Giuseppe Conte non vede possibilità di diarchie nella conduzione del Movimento Cinquestelle e chiede a Beppe Grillo e a tutto il popolo grillino di scegliere e di decidere al più presto: lui certo non può e non vuole fare il prestanome di un leader ombra.

Nella profonda ristrutturazione del M5s cui l’ex-premier lavora da quattro mesi deve esserci un solo leader politico, uno solo che detta la linea. In parole povere Grillo può continuare a fare il Garante, ruolo che già ricopre, ma lui – Conte – non può fare il leader dimezzato.

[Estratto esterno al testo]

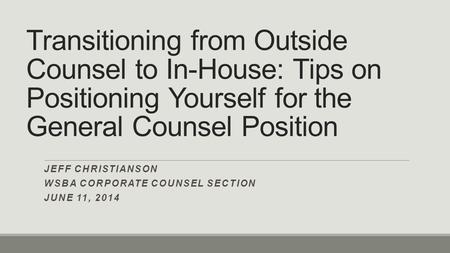 Transitioning from Outside Counsel to In-House: Tips on Positioning Yourself for the General Counsel Position JEFF CHRISTIANSON WSBA CORPORATE COUNSEL.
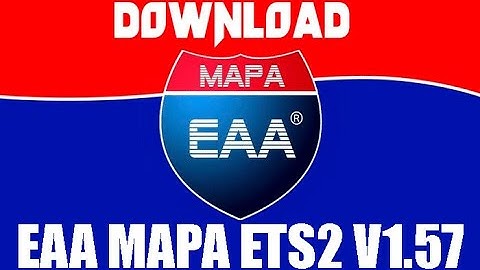 EAA MAPA LATEST V1.57 ETS2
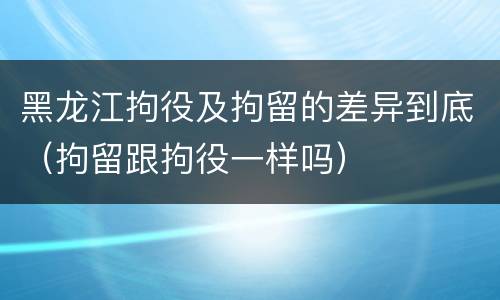 黑龙江拘役及拘留的差异到底（拘留跟拘役一样吗）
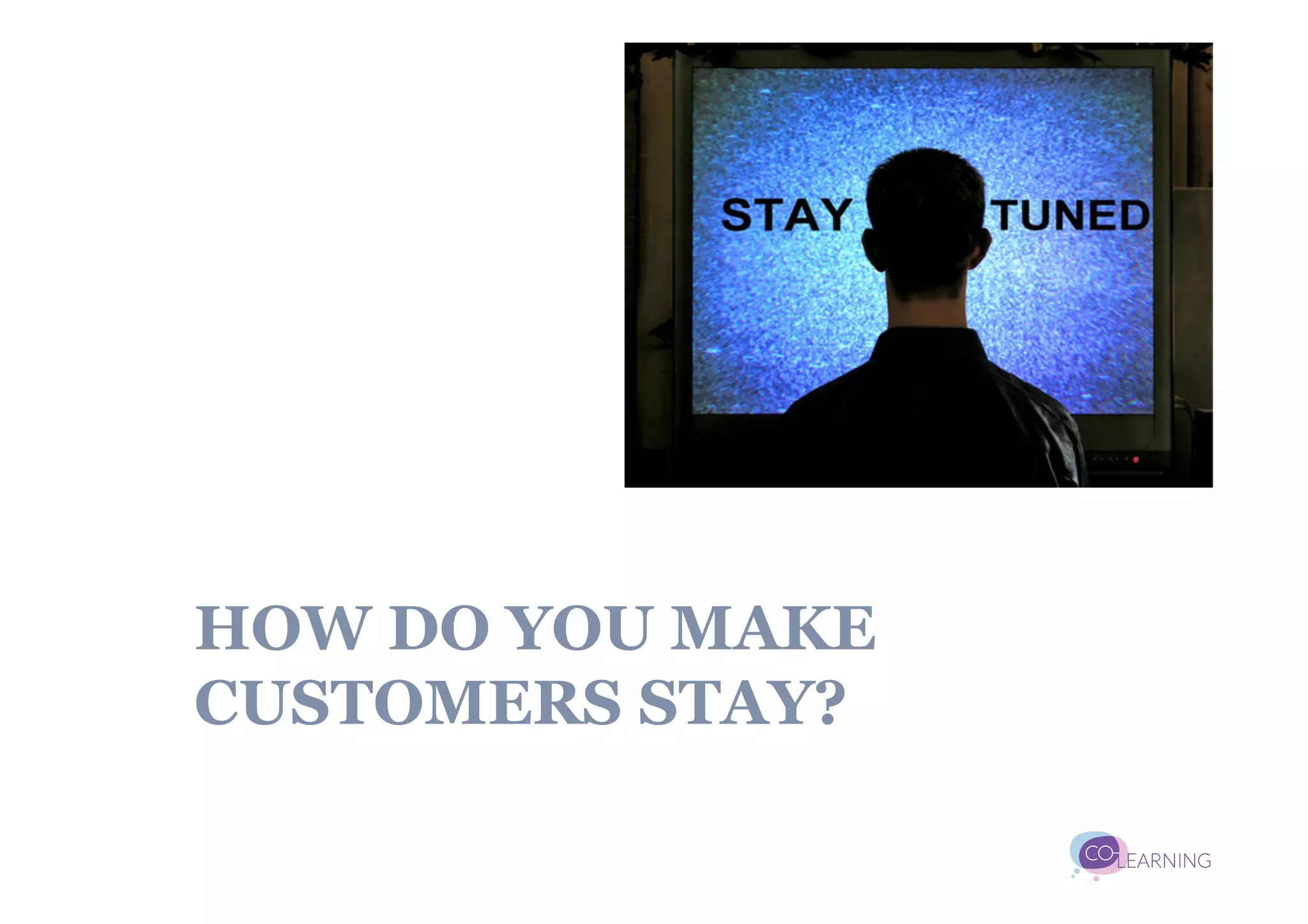 HOW DO YOU MAKE
CUSTOMERS STAY?
 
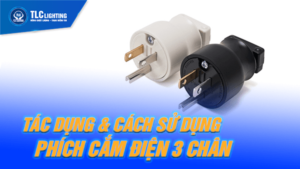 Phích cắm điện 3 chân có tác dụng gì? Cách sử dụng phích cắm điện 3 chân?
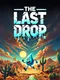 The Last Drop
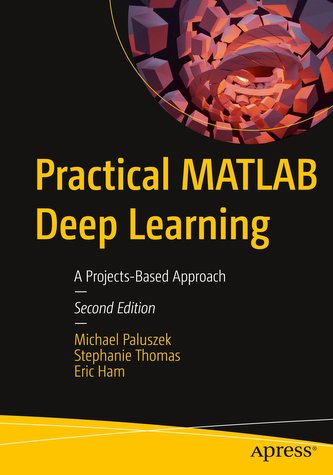 Practical MATLAB Deep Learning: A Projects-Based Approach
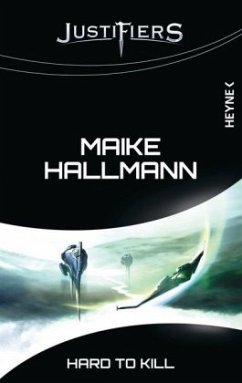 Hard to Kill / Justifiers Bd.8 - Hallmann, Maike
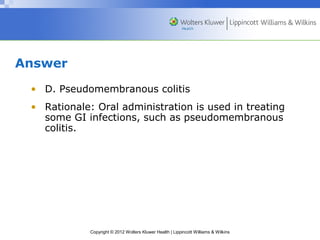 Copyright © 2012 Wolters Kluwer Health | Lippincott Williams & Wilkins 
Answer 
• D. Pseudomembranous colitis 
• Rationale: Oral administration is used in treating 
some GI infections, such as pseudomembranous 
colitis. 
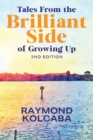 Tales From the Brilliant Side of Growing Up - Book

Nell’attesissima conferenza stampa al Tempio di Adriano, Giuseppe Conte ha dettato le sue condizioni per prendere la guida del Movimento dando così seguito alla sua investitura da parte del fondatore e ha rilanciato la palla nel campo del Garante e degli attuali vertici grillini. “Se mi volete – ha fatto capire rivolto non solo al comico – dovete votarmi democraticamente, spero al più presto. E non mi accontenterò di una maggioranza risicata”. Conte ha lanciato così il suo ‘all in’ sulla guida del M5s dicendo chiaramente al fondatore del Movimento che deve scegliere tra l’essere “un genitore generoso che lascia i suoi figli crescere in autonomia o un genitore-padrone che blocca la loro emancipazione”.

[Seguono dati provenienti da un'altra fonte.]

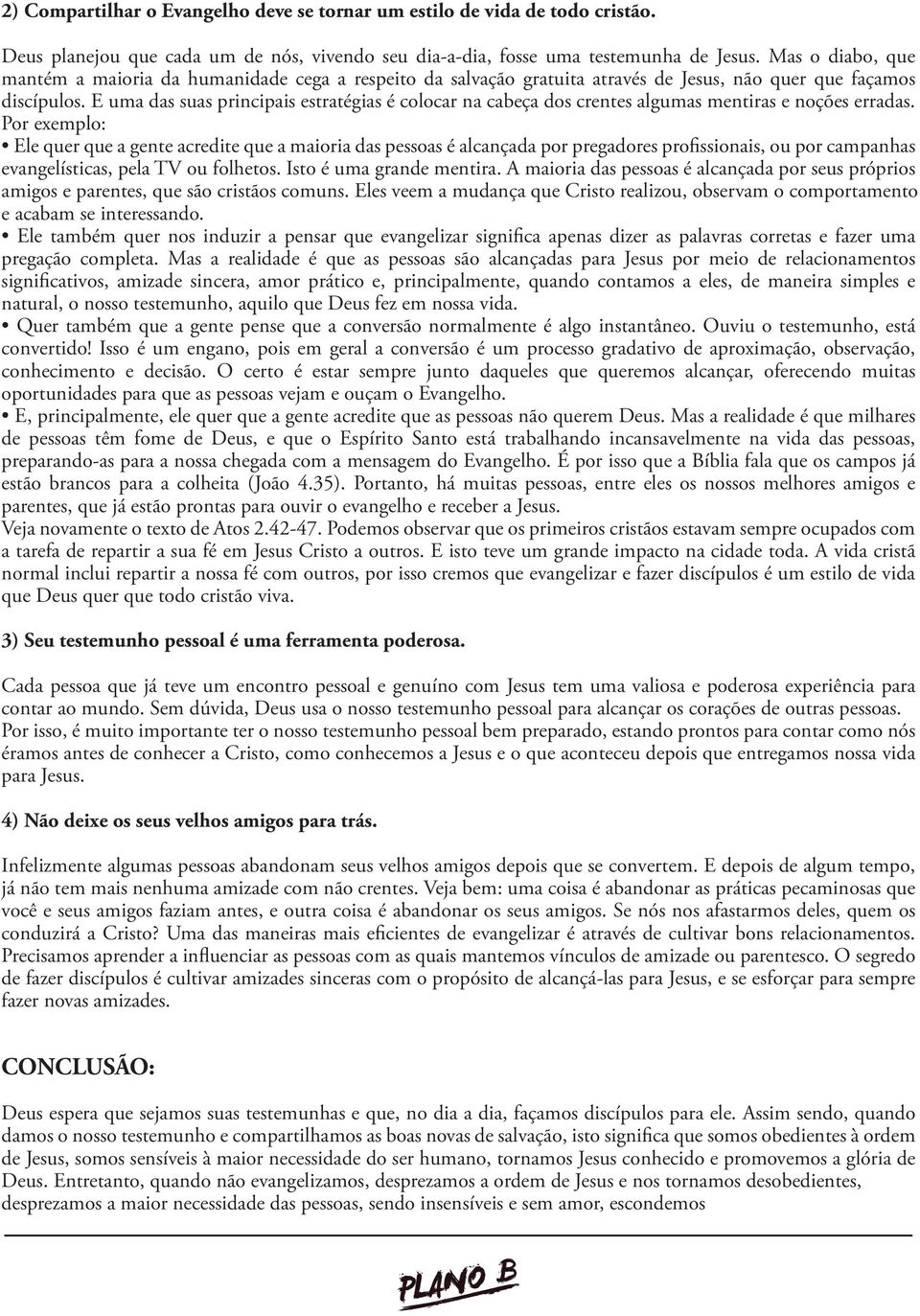 E uma das suas principais estratégias é colocar na cabeça dos crentes algumas mentiras e noções erradas.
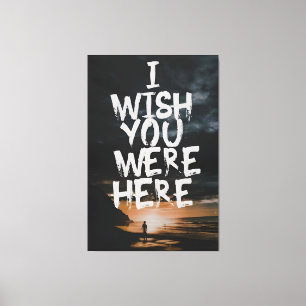 I Wish You Were Here Canvas Print
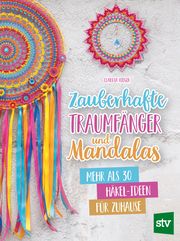 Zauberhafte Traumfänger und Mandalas Rieger, Claudia 9783702020859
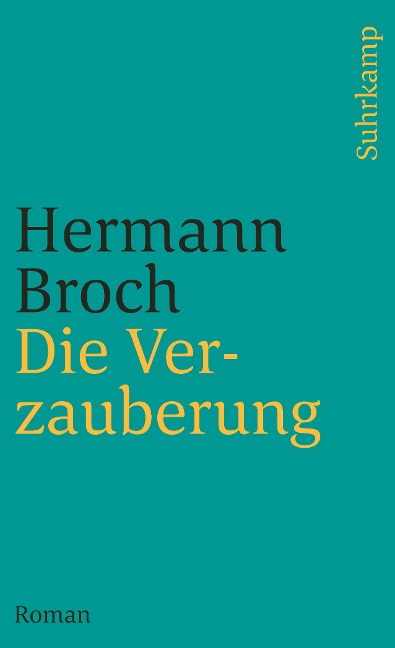 Die Verzauberung - Hermann Broch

Non poteva essere più chiaro di così, anche quando ha detto apertamente di non avere un ‘piano B’ nel caso in cui Grillo bocciasse le sue condizioni e non lo soccorresse il voto del popolo dei Cinquestelle, cui l’ex-premier si è in sostanza appellato. Esclusa l’ipotesi di pensare ad un suo partito, Conte ha riassunto lo schema del nuovo statuto cui ha lavorato negli ultimi mesi, statuto sul quale ci sono “differenti visioni” – così si è espresso – con Grillo, e su diversi punti. Statuto che dovrebbe portare chiarezza e assenza di ambiguità sulla vita interna del Movimento. In sostanza Conte ha confermato che la sua vuole essere una sorta di “rivoluzione” mentre per Grillo il nocciolo della struttura e dell’attuale organizzazione M5s “va bene così”. Qui la differenza sostanziale tra le due visioni: “Non me la sento di imbiancare una casa che necessita invece di una profonda, ineluttabile ristrutturazione” ha aggiunto Conte che quanto alle alleanze vede e crede nel rapporto con il Pd, compagno di viaggio che – ha precisato – si è sempre comportato con lealtà.

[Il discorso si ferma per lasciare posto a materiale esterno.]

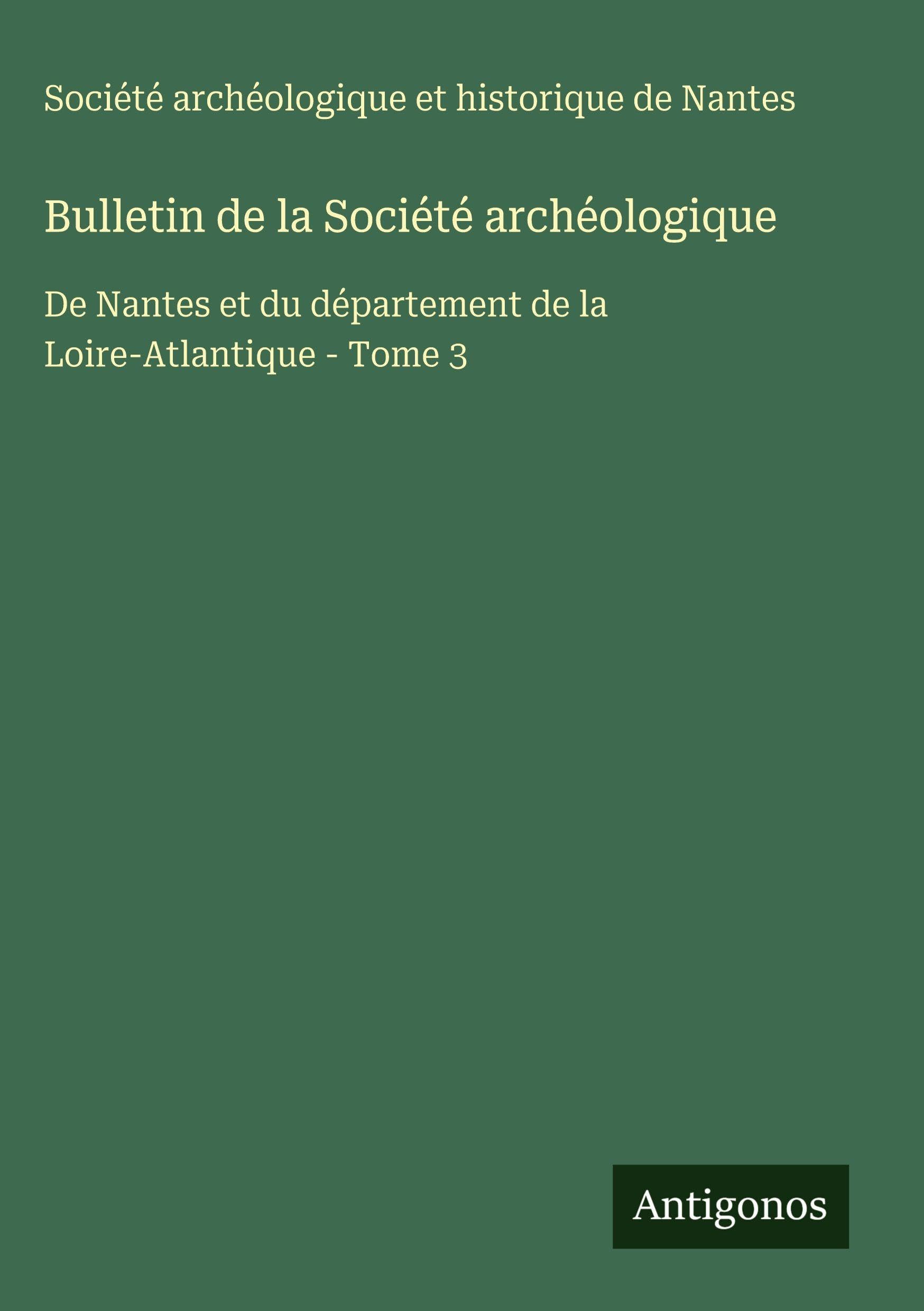 Bulletin de la Société archéologique Contemporary literature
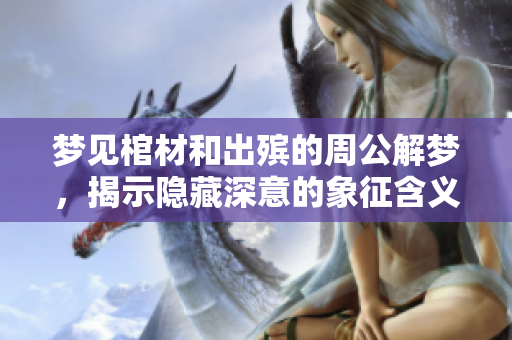 梦见棺材和出殡的周公解梦，揭示隐藏深意的象征含义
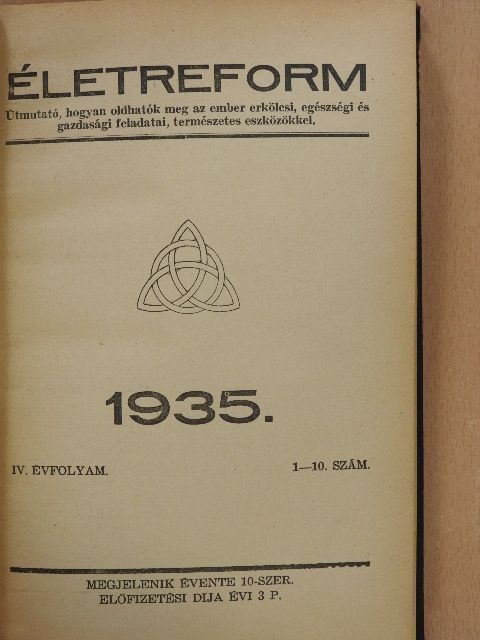 Dr. Arnold Antolik - Életreform 1935. január 19.-december 18. [antikvár]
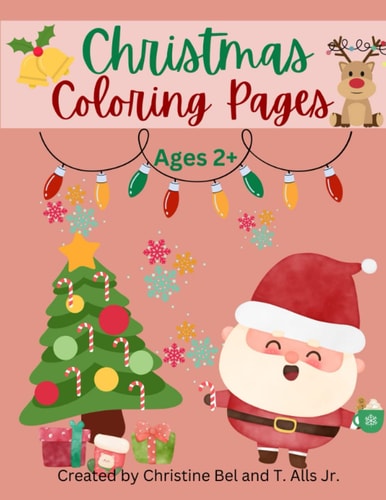 Fun Christmas and Holiday Coloring Pages for Adults, Children and Toddlers ages 2+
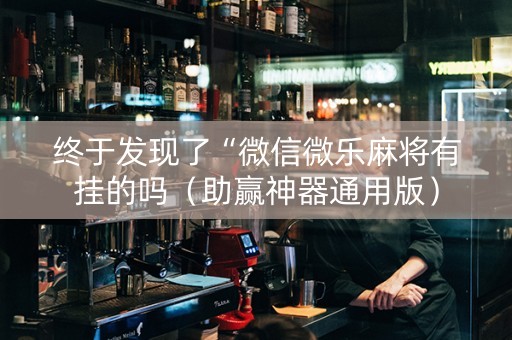 终于发现了“微信微乐麻将有挂的吗（助赢神器通用版）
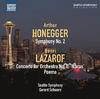 Honegger - Symphony No.2 / Lazarof - Concerto for Orchestra No.2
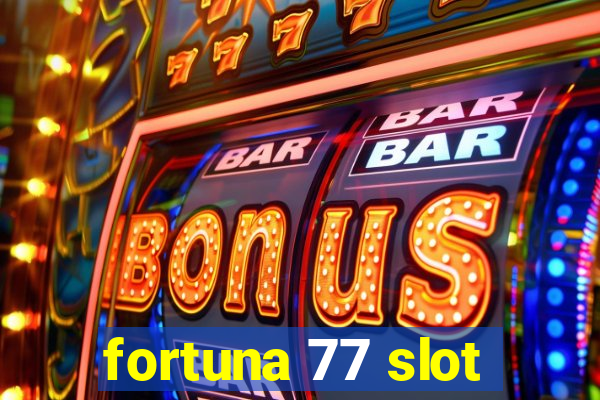 fortuna 77 slot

Quanto al governo Draghi che potrebbe risentire di una scissione all’interno del Movimento, l’ex-premier è stato netto: ha in qualche modo rivendicato il merito di aver fatto nascere l’attuale esecutivo, cui ha riconfermato il sostegno, e ha smentito di avercela per invidia con l’ex-presidente della Bce che lo ha sostituito a palazzo Chigi. Ora la palla passa a Grillo: accetterà le condizioni “irrinunciabili” poste da Conte?